# Aim of the exercise:
Below are records. Transcribe exactly the lines from the one that contains "I wouldn't mind" through the last line, leaving any pictures out.

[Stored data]
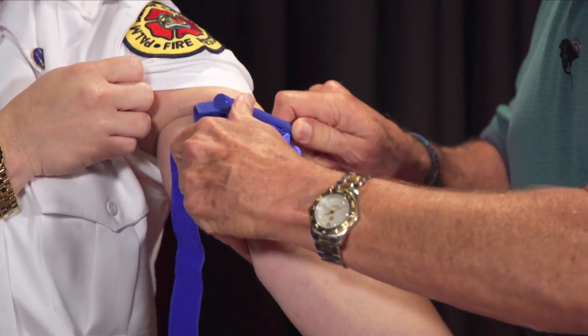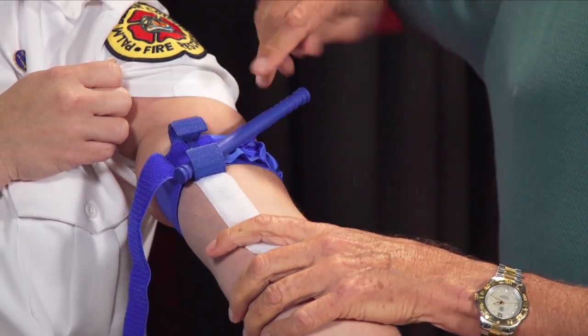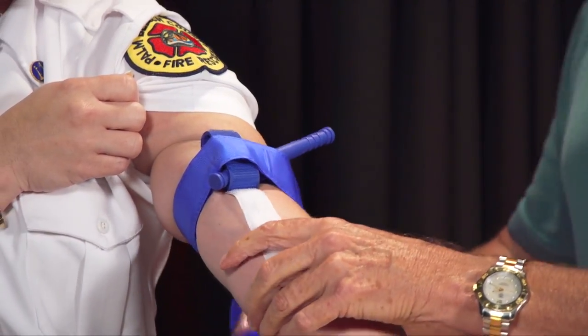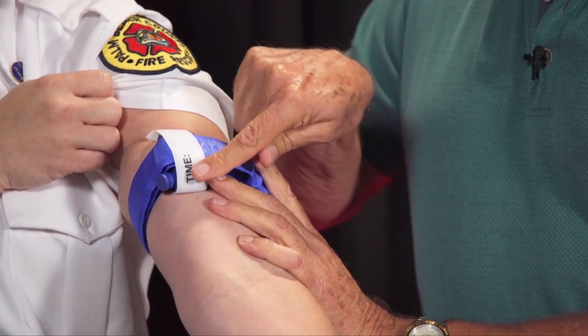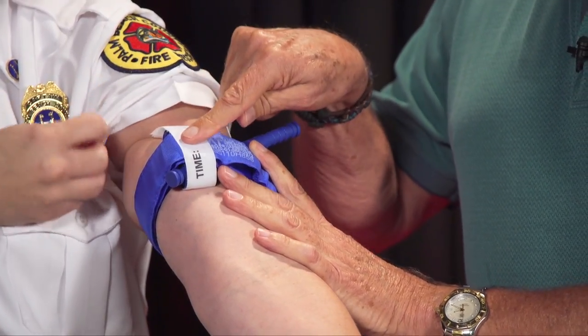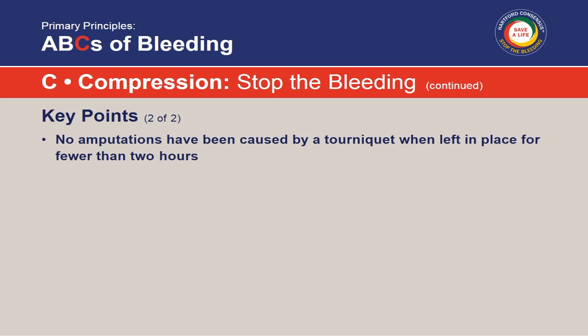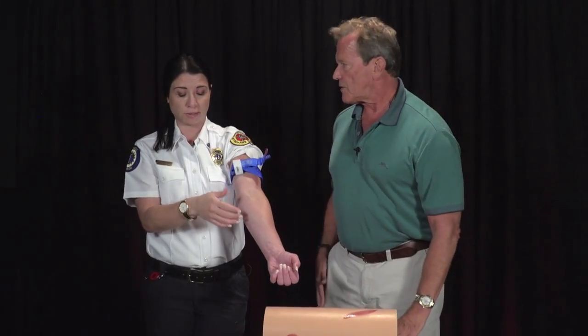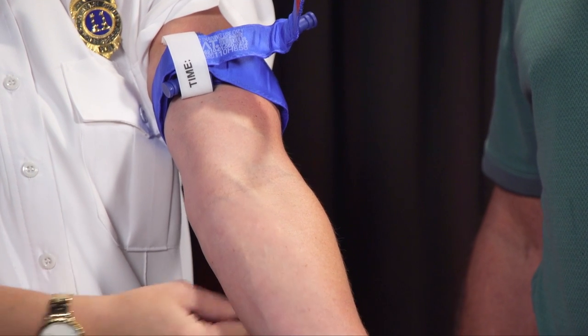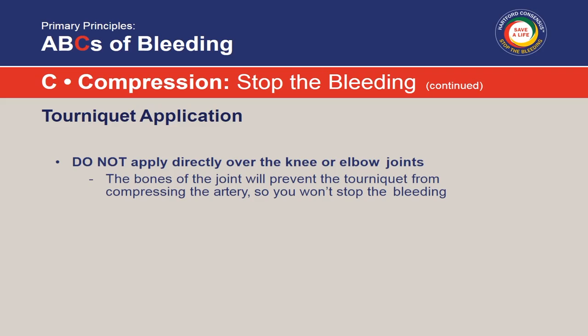After twisting the windlass to apply pressure, lock it into place with the clip. Take the slack out, and then put the securing strap over — that locks it in place. On the tourniquet there's a space to write the time it was applied. No amputations have ever been associated with tourniquets applied for two hours or less. In fact, in the Middle East and war theater, some tourniquets are left on four or five hours and they're still able to salvage the limb. Don't place the tourniquet over the wound or over a joint like the elbow or knee, as bony prominences prevent the needed circumferential pressure.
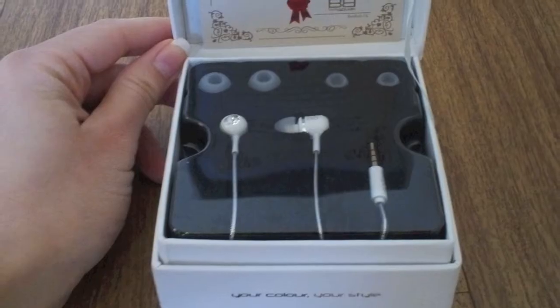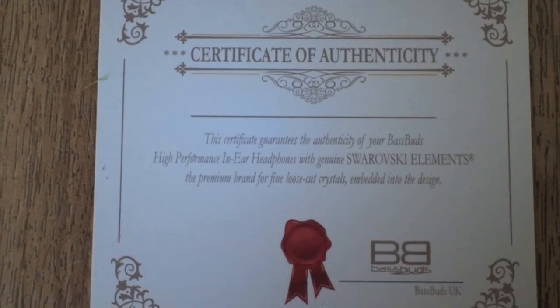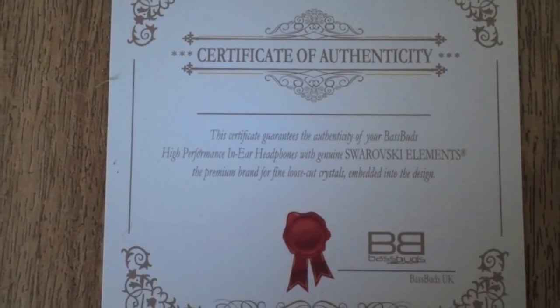I wouldn't mind getting this as a present. When you open it up you can see your lovely Bassbud — it comes with a certificate of authenticity. It comes with genuine Swarovski elements, which are the crystals on the edge of the earphones. It's gorgeous — it's actually like opening up a jewellery box.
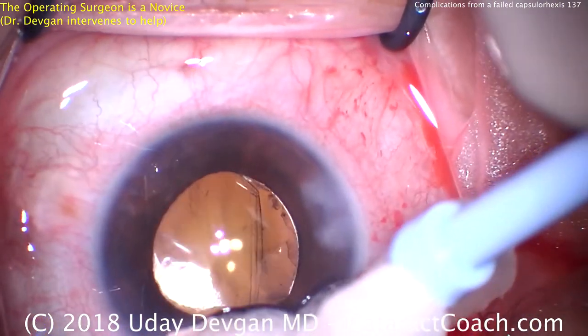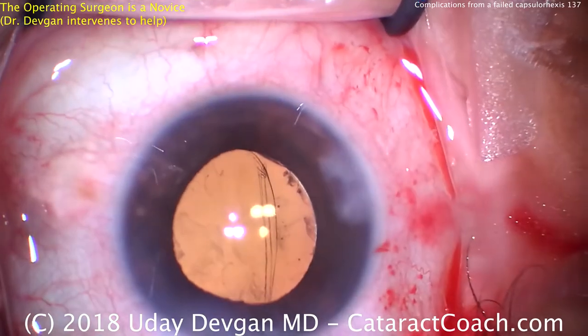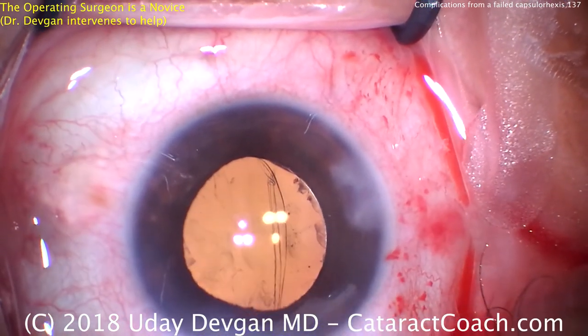So, what do we learn in this case? There are a lot of great pearls here, but most importantly, you've got to be very careful in creating your capsulorhexis. If it starts to go out, you need to stop and intervene.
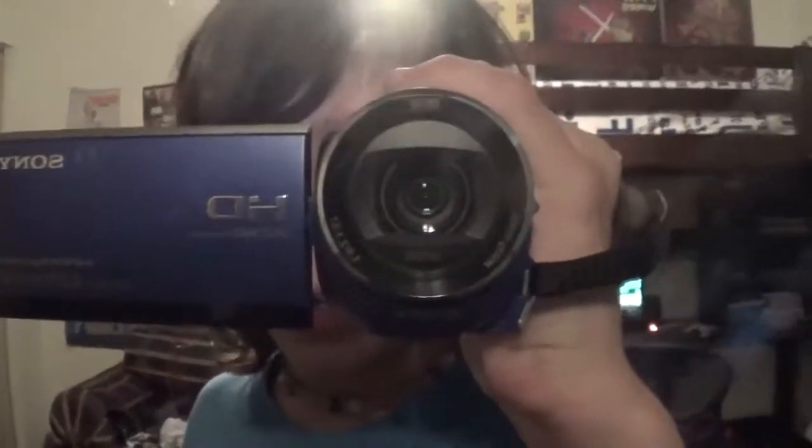Let me show you again what my camera looks like. I have a Sony HD Handycam. If you want, you can pause the video — look at that lens, it's so pretty. And over there is my gaming setup. Number 2: good quality camera.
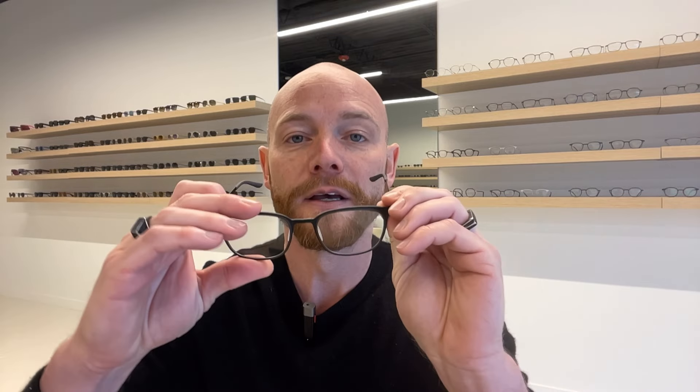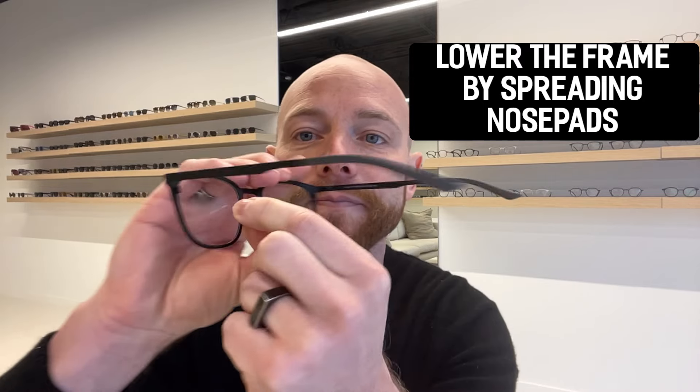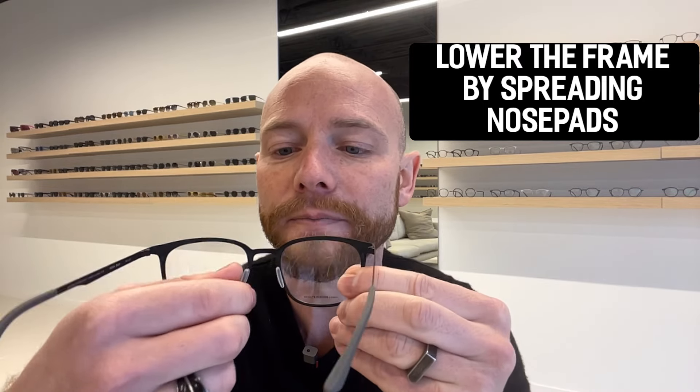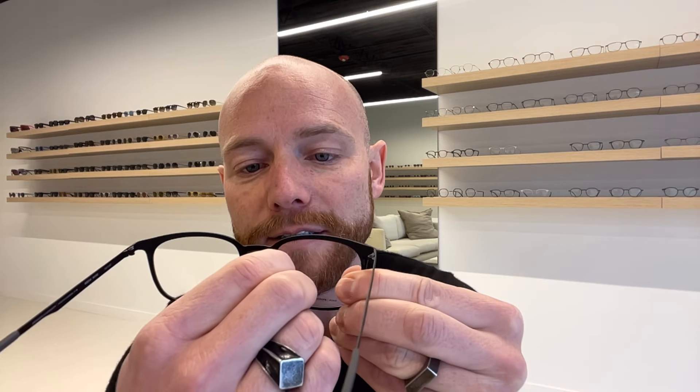The first adjustment I want to show you is how to lower the frame on your face. You're going to spread the nose pads apart — carefully controlling that push — and that's actually going to lower the frame. By widening those nose pads, it sits lower on your face.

# Task result:
I wouldn't mind getting this as a present. When you open it up you can see your lovely Bassbud — it comes with a certificate of authenticity. It comes with genuine Swarovski elements, which are the crystals on the edge of the earphones. It's gorgeous — it's actually like opening up a jewellery box.
So, what do we learn in this case? There are a lot of great pearls here, but most importantly, you've got to be very careful in creating your capsulorhexis. If it starts to go out, you need to stop and intervene.
Let me show you again what my camera looks like. I have a Sony HD Handycam. If you want, you can pause the video — look at that lens, it's so pretty. And over there is my gaming setup. Number 2: good quality camera.
The first adjustment I want to show you is how to lower the frame on your face. You're going to spread the nose pads apart — carefully controlling that push — and that's actually going to lower the frame. By widening those nose pads, it sits lower on your face.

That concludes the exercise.